Chronischer Erschöpfung durch frühzeitiges Erkennen und Behandeln begegnen

Schon vor 20 Jahren litten deutschlandweit – ohne Corona – gut 300.000 Menschen an chronischen Erschöpfungssymptomen, deren genauer Auslöser letztlich in den meisten Fällen nicht erklärbar war und ist. Eine deutlich größere Zahl zeigte schon damals deutliche Symptome einer Erschöpfung auf, die zwar noch nicht chronisch war, aber doch den Alltag bereits spürbar erschwerte. Seither ist diese Anzahl stetig gestiegen. Durch die Corona-bedingten Veränderungen und Belastungen dürfte die Zahl derzeit deutlich in die Höhe schießen. Wichtig für all diejenigen, die betroffen sind, ist dabei, diese Situation nicht zu verdrängen. Denn Erschöpfung, die über einen längeren Zeitraum andauert, kann chronisch werden. Dann wird eine Behandlung in der Regel deutlich schwieriger und vor allem langfristig.

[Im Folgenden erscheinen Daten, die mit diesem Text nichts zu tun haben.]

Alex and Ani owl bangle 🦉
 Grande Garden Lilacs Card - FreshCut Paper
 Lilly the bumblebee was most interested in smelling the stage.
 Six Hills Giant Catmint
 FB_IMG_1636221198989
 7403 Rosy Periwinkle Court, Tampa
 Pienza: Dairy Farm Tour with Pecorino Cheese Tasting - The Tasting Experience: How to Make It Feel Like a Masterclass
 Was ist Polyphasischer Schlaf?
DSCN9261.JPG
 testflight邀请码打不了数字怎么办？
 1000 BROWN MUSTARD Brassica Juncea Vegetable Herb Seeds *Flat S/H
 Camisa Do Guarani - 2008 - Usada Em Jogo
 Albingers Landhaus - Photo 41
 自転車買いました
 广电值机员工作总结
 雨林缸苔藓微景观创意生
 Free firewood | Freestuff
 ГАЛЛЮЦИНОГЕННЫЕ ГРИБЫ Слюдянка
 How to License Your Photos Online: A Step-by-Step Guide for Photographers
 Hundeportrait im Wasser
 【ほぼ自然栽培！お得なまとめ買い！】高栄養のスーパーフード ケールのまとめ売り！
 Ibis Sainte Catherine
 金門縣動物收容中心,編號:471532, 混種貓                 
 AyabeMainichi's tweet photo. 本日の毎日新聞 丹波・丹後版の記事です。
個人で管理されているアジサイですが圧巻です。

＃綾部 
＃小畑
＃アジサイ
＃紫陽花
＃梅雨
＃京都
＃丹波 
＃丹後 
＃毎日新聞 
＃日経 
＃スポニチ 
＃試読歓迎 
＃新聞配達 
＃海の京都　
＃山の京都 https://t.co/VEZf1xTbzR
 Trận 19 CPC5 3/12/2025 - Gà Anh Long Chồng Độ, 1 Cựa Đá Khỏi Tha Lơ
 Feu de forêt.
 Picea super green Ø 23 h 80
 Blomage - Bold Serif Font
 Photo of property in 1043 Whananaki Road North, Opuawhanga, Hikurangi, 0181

Frühzeitig dagegen anzugehen ist deshalb wichtig. Dabei helfen dann nicht die gut gemeinten aber schlecht gemachten Sprüche vermeintlicher Freunde. „Stell Dich nicht so an.“ „Nun komm schon.“ „Das kann doch wohl nicht so schlimm sein.“ „Das geht auch wieder weg.“ Es hilft nur, selbst dagegen vorzugehen. Sich eigene Räume nehmen. Viel Bewegung. Und das innere Ich im Blick zu haben. Und ruhig den Arzt des Vertrauens aufzusuchen. Das ist weder peinlich noch muss es unangenehm sein. Da sitzen oftmals Menschen mit viel geringeren Problemen.

 

Es muss nicht immer die „chemische Keule“ sein – Pflanzliche Präparate können helfen

Sinnvoll ist dann, mit dem Mediziner offen über die Situation zu sprechen und dabei nach Alternativen zu leider oft schnell verschriebenen „chemischen Keulen“ zu fragen. Natürlich gibt es Situationen und Zustände, in denen diese unausweichlich sind. Oftmals aber, das zeigt sich immer deutlicher, können bereits pflanzliche Arzneimittel für Linderung sorgen. Speziell hoch dosierte Johanneskraut-Präparate haben sich hier als geeignet erwiesen. Sie ermöglichen in vielen Fällen den Weg zurück zum früheren Antrieb, der letztlich auch für Freude am Tag sorgt. Der Körper findet innen und außen wieder zu einer Balance, die am Tag für Schwung und in der Nacht für einen erholsamen Schlaf sorgt. Vor allem aber machen sie weder abhängig, noch sind sie mit den doch oft komplexen Nebenwirkungen der schnell zum Einsatz kommenden Antidepressiva oder anderweitigen chemischen Stimmungsaufheller verbunden. Daher ist es immer sinnvoll, mit dem Arzt des Vertrauens zuerst über den Einsatz pflanzlicher Präparate zu sprechen. In den meisten Fällen sind die Ärzte sogar dankbar, nicht gleich in den Chemiekasten greifen zu müssen. Je schneller man bei Erschöpfungssymptomen den Weg zum Arzt des Vertrauens sucht, desto besser helfen diese pflanzlichen Präparate.